Ms. Owens said the two "no" votes came from colleagues who were concerned about Mr. Brown's behavior in prison. He failed to finish his high school education, fought with guards and joined a gang before cleaning up his act in recent years.
The governor's appreciation of those concerns led him to reject commutation in favor of a conditional pardon, spokesman Ted Royer said. Mr. Perry, he said, felt Mr. Brown would need supervision "to assist in his reintegration."
Mr. Brown attracted supporters nationwide after ABC-TV's 20/20 news program highlighted The News' coverage of the two cases.
One, Andrew Linberg, a psychiatric social worker in Massachusetts who is experienced in helping prisoners re-enter society, will be Mr. Brown's long-distance therapist.
Mr. Linberg said that after learning of Mr. Brown's case, "I just lost my mind. I said, 'This is just so wrong.' "
Another out-of-state advocate was Charlie Douglas, a Florida lawyer who helped set up a Web site to press Mr. Brown's cause.

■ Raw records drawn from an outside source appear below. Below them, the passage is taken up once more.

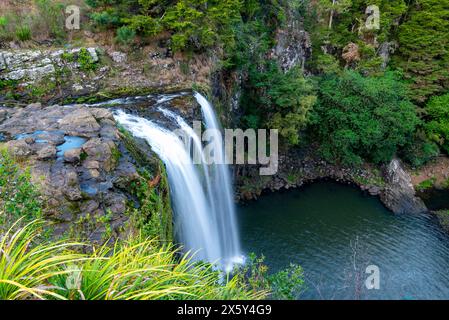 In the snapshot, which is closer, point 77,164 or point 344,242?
point 77,164

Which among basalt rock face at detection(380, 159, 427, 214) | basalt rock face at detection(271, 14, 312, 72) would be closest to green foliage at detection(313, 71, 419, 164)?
basalt rock face at detection(380, 159, 427, 214)

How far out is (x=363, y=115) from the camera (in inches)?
675

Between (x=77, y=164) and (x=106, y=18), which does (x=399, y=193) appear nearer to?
(x=106, y=18)

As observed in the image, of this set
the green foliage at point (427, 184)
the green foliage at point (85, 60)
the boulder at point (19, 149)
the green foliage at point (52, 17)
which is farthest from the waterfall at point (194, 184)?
the green foliage at point (427, 184)

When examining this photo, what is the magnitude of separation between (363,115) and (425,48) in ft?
19.6

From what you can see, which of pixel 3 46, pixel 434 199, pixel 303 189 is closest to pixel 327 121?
pixel 303 189

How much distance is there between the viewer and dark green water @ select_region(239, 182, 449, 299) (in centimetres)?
1166

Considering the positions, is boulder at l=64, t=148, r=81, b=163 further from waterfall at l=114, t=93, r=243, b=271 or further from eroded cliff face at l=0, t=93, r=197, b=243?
waterfall at l=114, t=93, r=243, b=271

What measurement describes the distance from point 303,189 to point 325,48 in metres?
8.70

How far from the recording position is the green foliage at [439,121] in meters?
18.8

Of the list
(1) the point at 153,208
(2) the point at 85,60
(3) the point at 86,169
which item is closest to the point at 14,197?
(3) the point at 86,169

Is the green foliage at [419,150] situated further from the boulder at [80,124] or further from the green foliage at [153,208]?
the boulder at [80,124]

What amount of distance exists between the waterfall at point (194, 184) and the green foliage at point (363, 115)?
7.57 metres

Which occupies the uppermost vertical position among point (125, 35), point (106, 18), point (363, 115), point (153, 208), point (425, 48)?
point (106, 18) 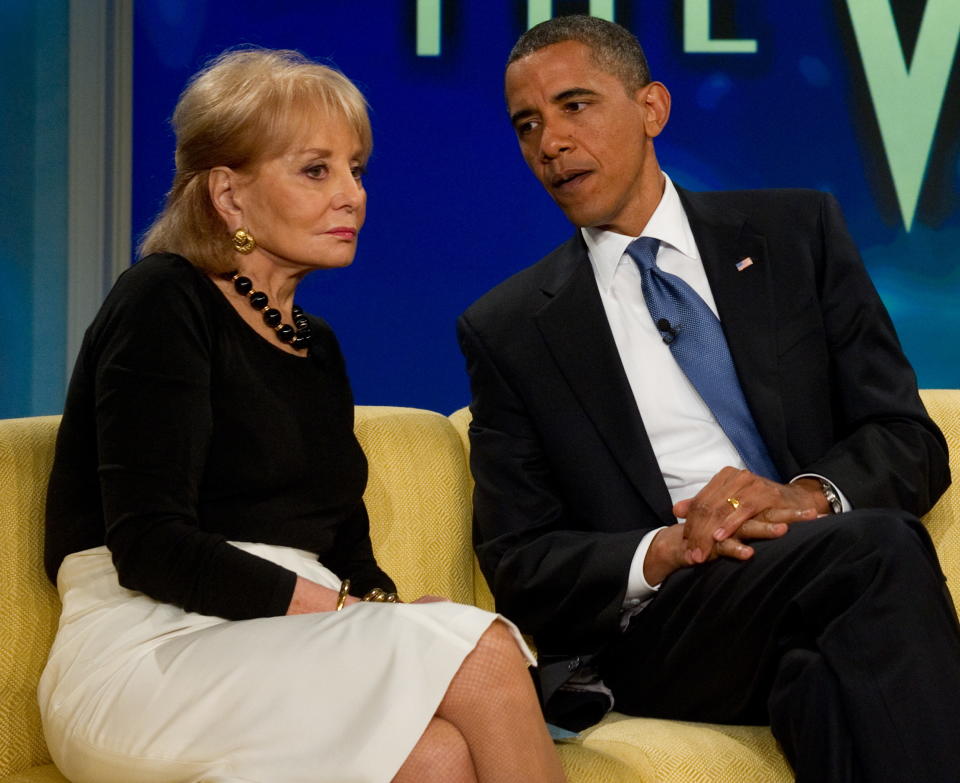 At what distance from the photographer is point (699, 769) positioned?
2.00 m

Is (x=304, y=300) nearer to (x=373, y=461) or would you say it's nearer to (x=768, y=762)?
(x=373, y=461)

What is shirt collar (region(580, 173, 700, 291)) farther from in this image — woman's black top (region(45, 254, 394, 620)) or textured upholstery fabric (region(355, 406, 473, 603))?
woman's black top (region(45, 254, 394, 620))

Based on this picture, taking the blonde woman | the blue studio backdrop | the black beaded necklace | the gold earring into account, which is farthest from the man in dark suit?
the blue studio backdrop

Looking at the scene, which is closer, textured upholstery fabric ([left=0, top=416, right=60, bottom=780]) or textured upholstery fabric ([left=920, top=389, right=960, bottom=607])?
textured upholstery fabric ([left=0, top=416, right=60, bottom=780])

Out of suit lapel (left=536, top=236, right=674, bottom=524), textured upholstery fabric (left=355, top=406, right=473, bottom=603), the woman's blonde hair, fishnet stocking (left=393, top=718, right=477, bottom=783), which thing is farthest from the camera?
textured upholstery fabric (left=355, top=406, right=473, bottom=603)

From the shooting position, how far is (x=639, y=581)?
2.27 m

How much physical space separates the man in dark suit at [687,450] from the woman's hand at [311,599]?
55cm

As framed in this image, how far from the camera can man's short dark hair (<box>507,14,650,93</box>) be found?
2684mm

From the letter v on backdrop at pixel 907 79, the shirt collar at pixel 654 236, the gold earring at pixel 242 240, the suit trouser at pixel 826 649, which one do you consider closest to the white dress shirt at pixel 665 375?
the shirt collar at pixel 654 236

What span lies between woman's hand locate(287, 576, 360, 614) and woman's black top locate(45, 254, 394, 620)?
16 mm

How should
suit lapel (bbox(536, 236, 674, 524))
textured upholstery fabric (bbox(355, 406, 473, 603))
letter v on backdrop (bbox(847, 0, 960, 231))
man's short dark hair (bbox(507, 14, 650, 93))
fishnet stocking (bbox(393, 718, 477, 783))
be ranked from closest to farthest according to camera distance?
fishnet stocking (bbox(393, 718, 477, 783)), suit lapel (bbox(536, 236, 674, 524)), textured upholstery fabric (bbox(355, 406, 473, 603)), man's short dark hair (bbox(507, 14, 650, 93)), letter v on backdrop (bbox(847, 0, 960, 231))

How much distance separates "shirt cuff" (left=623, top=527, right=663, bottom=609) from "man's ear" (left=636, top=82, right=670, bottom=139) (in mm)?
Answer: 944

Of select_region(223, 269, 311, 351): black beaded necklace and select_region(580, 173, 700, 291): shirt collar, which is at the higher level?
select_region(580, 173, 700, 291): shirt collar

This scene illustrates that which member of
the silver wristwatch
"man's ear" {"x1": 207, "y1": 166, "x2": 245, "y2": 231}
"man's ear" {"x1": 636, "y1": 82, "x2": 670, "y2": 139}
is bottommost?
the silver wristwatch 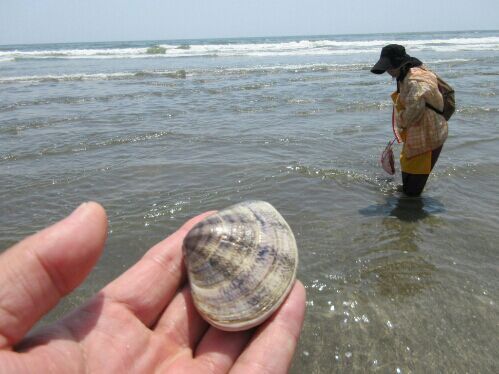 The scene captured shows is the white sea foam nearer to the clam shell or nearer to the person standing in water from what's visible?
the person standing in water

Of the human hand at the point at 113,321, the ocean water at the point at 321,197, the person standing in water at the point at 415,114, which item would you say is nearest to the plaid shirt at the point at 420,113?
the person standing in water at the point at 415,114

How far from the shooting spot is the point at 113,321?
7.38 ft

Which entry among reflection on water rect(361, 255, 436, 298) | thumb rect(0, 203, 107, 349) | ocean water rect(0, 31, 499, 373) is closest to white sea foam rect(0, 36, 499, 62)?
ocean water rect(0, 31, 499, 373)

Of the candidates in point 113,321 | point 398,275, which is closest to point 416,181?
point 398,275

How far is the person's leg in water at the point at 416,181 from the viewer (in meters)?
5.22

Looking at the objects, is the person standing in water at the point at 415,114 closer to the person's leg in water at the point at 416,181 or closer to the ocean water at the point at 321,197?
the person's leg in water at the point at 416,181

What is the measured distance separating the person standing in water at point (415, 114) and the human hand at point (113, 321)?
3333mm

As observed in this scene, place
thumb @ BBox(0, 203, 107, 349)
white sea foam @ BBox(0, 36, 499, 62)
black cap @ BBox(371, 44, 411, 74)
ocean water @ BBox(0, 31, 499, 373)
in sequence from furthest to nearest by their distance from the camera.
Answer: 1. white sea foam @ BBox(0, 36, 499, 62)
2. black cap @ BBox(371, 44, 411, 74)
3. ocean water @ BBox(0, 31, 499, 373)
4. thumb @ BBox(0, 203, 107, 349)

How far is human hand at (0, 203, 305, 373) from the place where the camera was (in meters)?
1.79

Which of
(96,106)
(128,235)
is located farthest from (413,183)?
(96,106)

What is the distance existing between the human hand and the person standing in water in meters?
3.33

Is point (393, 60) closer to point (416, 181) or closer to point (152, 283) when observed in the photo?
point (416, 181)

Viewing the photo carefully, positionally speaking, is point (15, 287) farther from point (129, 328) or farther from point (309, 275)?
point (309, 275)

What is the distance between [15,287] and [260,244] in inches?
54.3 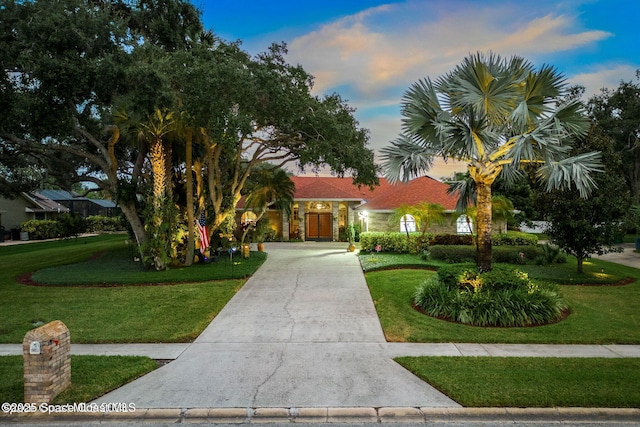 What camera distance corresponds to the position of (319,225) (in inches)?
1216

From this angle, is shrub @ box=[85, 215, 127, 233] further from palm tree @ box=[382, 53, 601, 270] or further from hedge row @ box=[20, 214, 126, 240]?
palm tree @ box=[382, 53, 601, 270]

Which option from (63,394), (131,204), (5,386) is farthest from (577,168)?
(131,204)

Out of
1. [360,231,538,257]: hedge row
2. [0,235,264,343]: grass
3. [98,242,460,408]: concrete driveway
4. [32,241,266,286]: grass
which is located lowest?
[98,242,460,408]: concrete driveway

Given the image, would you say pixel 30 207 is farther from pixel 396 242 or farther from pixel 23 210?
pixel 396 242

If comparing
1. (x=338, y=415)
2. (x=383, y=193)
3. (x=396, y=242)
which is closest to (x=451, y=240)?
(x=396, y=242)

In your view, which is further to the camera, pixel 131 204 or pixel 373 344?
pixel 131 204

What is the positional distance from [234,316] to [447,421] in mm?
6363

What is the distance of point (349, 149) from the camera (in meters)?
16.2

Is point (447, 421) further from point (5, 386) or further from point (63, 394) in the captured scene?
point (5, 386)

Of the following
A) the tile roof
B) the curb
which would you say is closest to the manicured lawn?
the curb

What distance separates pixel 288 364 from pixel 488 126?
828 cm

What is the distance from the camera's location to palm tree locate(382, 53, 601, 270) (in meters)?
9.52

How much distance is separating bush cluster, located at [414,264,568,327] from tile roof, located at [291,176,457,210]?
34.6 ft

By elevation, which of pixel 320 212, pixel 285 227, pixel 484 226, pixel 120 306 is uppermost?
pixel 320 212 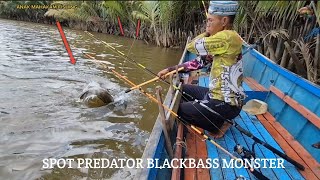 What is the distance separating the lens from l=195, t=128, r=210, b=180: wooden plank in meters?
2.89

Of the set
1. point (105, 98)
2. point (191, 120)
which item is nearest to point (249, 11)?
point (105, 98)

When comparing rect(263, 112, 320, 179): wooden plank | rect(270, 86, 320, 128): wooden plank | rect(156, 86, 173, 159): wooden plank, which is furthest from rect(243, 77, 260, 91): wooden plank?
rect(156, 86, 173, 159): wooden plank

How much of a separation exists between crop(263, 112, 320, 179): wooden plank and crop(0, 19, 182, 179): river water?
1857 millimetres

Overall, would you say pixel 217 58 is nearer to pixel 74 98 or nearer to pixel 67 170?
pixel 67 170

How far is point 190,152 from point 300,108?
59.1 inches

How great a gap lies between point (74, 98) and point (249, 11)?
16.6 feet

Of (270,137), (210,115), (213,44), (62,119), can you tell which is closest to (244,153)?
(210,115)

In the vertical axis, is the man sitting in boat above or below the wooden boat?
above

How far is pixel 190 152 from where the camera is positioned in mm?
3318

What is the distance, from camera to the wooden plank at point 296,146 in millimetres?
3158

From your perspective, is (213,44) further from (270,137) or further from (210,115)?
(270,137)

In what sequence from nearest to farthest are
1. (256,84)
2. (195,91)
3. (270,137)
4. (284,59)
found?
(270,137), (195,91), (256,84), (284,59)

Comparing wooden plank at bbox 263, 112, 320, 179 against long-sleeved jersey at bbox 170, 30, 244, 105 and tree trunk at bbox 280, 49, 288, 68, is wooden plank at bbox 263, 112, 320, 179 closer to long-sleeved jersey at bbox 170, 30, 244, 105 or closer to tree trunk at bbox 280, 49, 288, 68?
long-sleeved jersey at bbox 170, 30, 244, 105

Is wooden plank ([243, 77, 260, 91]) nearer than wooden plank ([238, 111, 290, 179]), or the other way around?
wooden plank ([238, 111, 290, 179]) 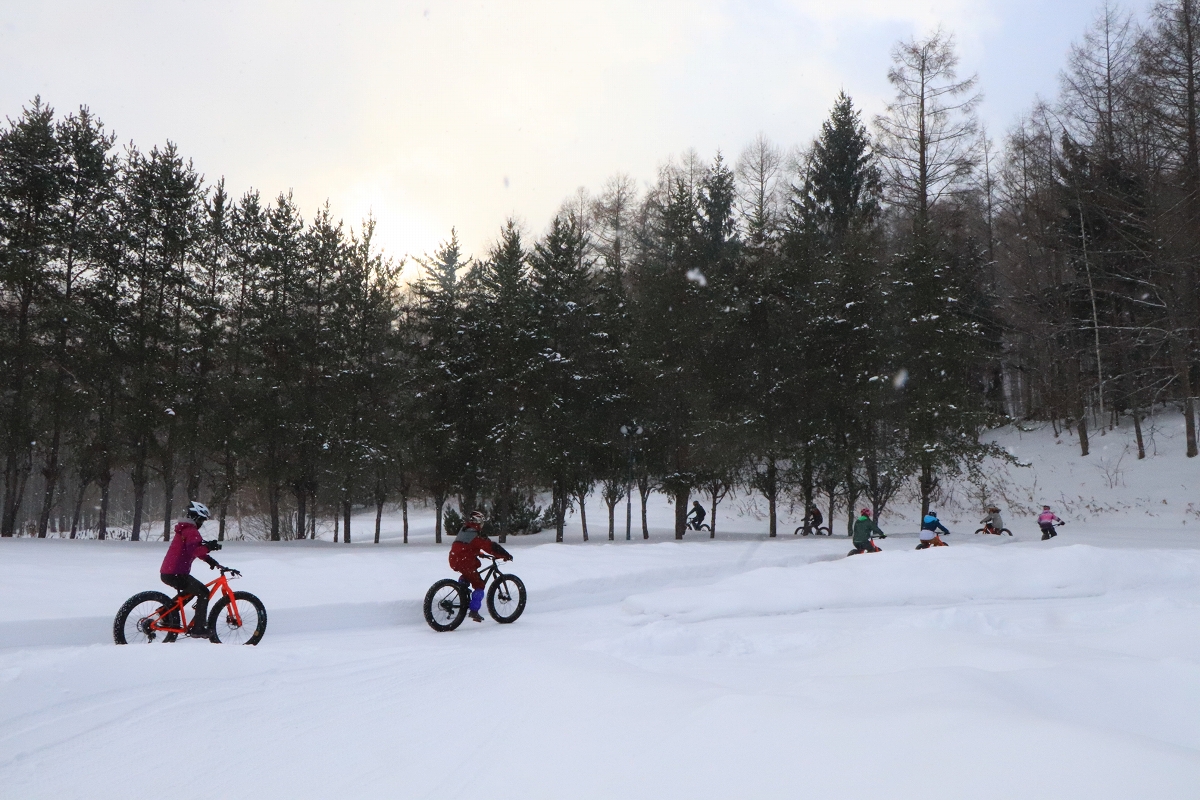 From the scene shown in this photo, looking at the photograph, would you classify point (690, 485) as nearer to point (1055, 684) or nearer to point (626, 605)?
point (626, 605)

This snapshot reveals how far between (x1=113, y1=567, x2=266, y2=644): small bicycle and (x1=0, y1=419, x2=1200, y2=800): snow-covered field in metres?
0.81

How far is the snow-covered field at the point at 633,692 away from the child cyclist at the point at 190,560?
1358mm

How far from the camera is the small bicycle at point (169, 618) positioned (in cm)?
900

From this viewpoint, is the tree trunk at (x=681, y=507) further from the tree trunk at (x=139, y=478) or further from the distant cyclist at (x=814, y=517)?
the tree trunk at (x=139, y=478)

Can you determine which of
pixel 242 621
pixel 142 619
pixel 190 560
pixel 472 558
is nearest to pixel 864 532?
pixel 472 558

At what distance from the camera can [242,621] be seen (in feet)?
31.8

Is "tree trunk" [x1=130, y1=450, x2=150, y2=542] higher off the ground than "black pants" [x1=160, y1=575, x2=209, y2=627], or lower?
higher

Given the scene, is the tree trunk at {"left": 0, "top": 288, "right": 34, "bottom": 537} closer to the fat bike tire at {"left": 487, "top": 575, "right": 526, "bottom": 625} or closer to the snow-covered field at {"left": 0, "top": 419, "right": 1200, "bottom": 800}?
the snow-covered field at {"left": 0, "top": 419, "right": 1200, "bottom": 800}

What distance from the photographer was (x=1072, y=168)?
31.1 metres

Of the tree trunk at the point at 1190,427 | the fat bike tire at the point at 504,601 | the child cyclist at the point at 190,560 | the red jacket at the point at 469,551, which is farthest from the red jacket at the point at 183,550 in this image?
the tree trunk at the point at 1190,427

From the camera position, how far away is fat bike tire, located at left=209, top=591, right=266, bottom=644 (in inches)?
372

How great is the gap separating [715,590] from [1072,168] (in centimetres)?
2792

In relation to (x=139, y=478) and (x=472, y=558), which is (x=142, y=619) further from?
(x=139, y=478)

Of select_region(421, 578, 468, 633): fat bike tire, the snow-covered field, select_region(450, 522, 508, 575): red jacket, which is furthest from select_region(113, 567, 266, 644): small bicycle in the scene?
select_region(450, 522, 508, 575): red jacket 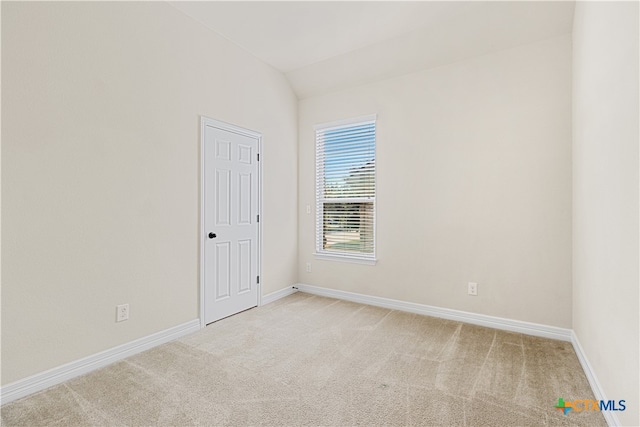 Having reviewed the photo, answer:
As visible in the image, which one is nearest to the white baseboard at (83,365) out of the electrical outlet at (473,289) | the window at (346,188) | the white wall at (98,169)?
the white wall at (98,169)

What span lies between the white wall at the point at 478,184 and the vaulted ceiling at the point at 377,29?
16 centimetres

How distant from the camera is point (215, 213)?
3293 mm

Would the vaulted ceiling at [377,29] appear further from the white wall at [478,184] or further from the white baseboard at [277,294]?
the white baseboard at [277,294]

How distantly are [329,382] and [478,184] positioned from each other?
7.86 feet

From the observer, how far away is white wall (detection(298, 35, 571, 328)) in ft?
9.29

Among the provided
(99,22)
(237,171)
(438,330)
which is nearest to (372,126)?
(237,171)

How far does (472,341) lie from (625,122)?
2051 mm

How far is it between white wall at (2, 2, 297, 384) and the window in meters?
1.43

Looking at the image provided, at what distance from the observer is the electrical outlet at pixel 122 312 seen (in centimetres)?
248

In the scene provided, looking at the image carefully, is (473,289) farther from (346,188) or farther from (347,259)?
(346,188)

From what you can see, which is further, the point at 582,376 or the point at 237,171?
the point at 237,171

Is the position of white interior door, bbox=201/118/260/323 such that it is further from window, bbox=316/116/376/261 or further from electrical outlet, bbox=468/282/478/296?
electrical outlet, bbox=468/282/478/296

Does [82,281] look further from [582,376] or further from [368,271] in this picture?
[582,376]

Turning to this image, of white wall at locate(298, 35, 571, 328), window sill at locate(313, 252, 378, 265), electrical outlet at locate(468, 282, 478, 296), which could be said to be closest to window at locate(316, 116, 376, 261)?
window sill at locate(313, 252, 378, 265) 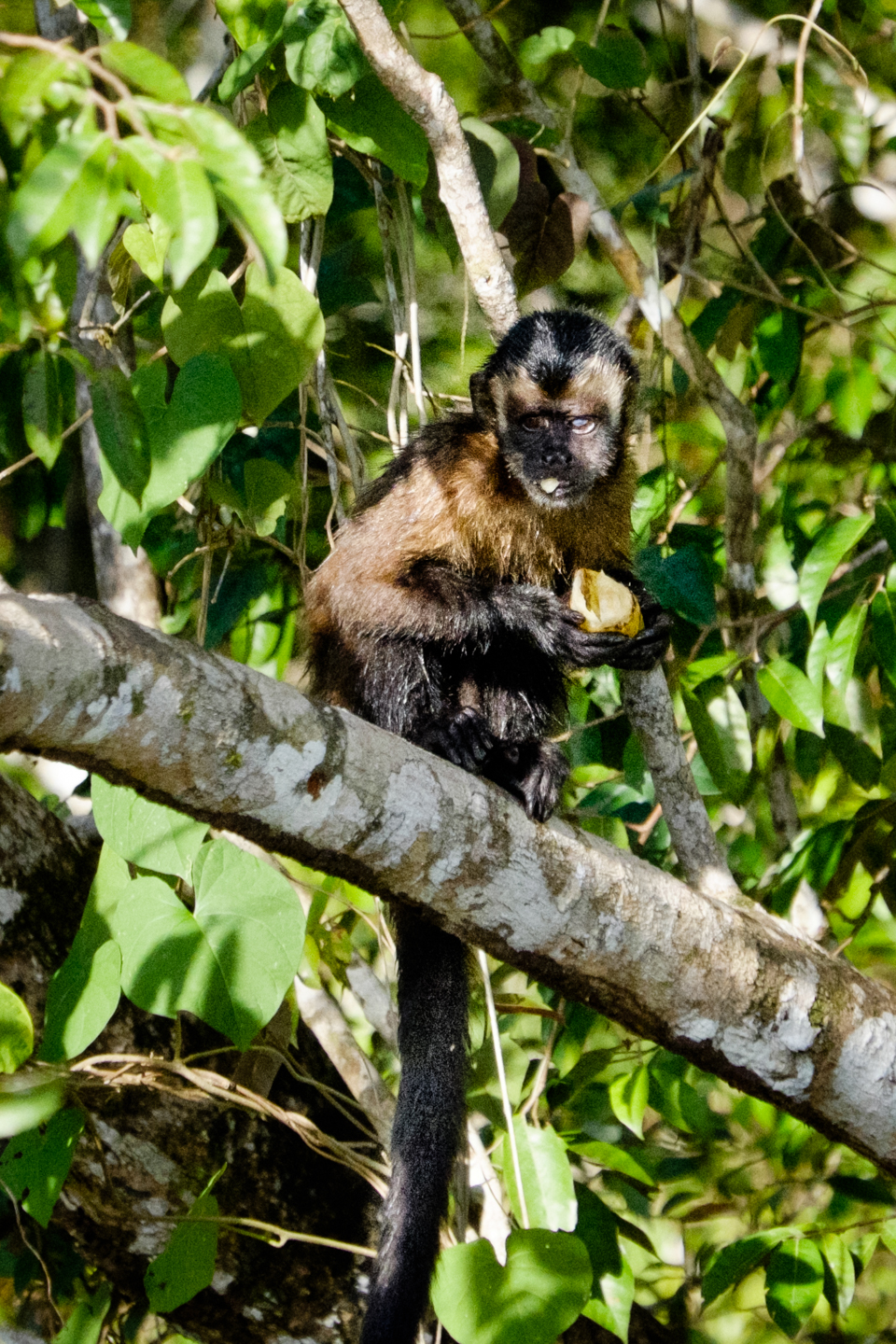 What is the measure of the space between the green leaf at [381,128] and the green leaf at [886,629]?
111cm

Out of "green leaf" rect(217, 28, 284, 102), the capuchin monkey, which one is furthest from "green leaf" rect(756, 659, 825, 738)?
"green leaf" rect(217, 28, 284, 102)

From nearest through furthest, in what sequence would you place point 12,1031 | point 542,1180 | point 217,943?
point 12,1031 → point 217,943 → point 542,1180

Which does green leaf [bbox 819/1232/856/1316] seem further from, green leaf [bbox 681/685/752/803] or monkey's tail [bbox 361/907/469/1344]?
green leaf [bbox 681/685/752/803]

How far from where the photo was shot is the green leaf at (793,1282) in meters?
2.15

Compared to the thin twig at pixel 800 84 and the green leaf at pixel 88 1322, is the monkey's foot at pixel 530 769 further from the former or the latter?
the thin twig at pixel 800 84

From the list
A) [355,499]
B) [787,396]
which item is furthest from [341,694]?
[787,396]

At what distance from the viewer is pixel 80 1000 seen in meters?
1.76

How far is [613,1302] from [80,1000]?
3.66 feet

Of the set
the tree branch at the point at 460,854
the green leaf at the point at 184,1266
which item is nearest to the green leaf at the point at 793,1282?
the tree branch at the point at 460,854

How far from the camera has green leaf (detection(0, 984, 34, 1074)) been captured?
1.62 metres

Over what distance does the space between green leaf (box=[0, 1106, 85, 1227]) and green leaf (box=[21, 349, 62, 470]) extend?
36.8 inches

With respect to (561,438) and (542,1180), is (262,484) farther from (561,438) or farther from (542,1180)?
(542,1180)

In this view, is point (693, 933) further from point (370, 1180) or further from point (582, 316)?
point (582, 316)

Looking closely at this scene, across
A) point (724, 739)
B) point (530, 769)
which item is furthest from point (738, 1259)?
point (724, 739) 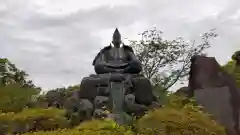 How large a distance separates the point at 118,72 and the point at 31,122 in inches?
139

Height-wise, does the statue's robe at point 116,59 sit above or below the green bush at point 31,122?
above

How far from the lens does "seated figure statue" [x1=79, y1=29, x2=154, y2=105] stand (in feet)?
45.3

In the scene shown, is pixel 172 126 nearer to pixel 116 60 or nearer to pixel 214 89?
pixel 214 89

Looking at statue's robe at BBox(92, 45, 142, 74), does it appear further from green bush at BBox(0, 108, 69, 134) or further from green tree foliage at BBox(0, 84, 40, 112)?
green tree foliage at BBox(0, 84, 40, 112)

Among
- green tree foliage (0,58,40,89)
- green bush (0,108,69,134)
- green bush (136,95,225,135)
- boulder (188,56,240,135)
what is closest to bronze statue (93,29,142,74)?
green bush (0,108,69,134)

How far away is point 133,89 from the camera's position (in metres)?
13.8

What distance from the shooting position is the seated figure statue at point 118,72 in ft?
45.3

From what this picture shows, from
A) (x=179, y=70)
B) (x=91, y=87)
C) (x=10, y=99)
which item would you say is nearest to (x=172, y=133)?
(x=91, y=87)

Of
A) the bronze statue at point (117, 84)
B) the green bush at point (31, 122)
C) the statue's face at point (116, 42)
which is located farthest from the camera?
the statue's face at point (116, 42)

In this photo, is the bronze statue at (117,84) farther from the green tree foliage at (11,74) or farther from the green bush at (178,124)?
the green tree foliage at (11,74)

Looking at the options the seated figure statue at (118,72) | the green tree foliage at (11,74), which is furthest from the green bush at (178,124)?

"Although I had hoped for a complete commutation, I am not disappointed with a conditional pardon because Tyrone will be leaving prison and coming home," Mr. Douglas said. "I have no doubt that Tyrone will be an upstanding citizen of Dallas, and he will contribute to the community that has given him so much."
In all, more than 800 people around the country contacted the governor's office in favor of commutation. No one wrote or called in opposition, Mr. Royer said.
Much of the support came from outside the Dallas area. Former Dallas NAACP president Bob Lydia, who worked behind the scenes for months on Mr. Brown's behalf, said that was because "a lot of people here have allegiances to Judge Dean."
Mr. Perry previously had rejected most other commutation recommendations made by the board. One commutation he granted, over the protest of a robbery victim, ended badly - the freed prisoner later got arrested on drug charges and is back in prison.
The Brown case, however, came with strong support from the victim.
"I think he's done his time," said Bill Hathaway, whom Mr. Brown robbed of $2. "I have nothing against him."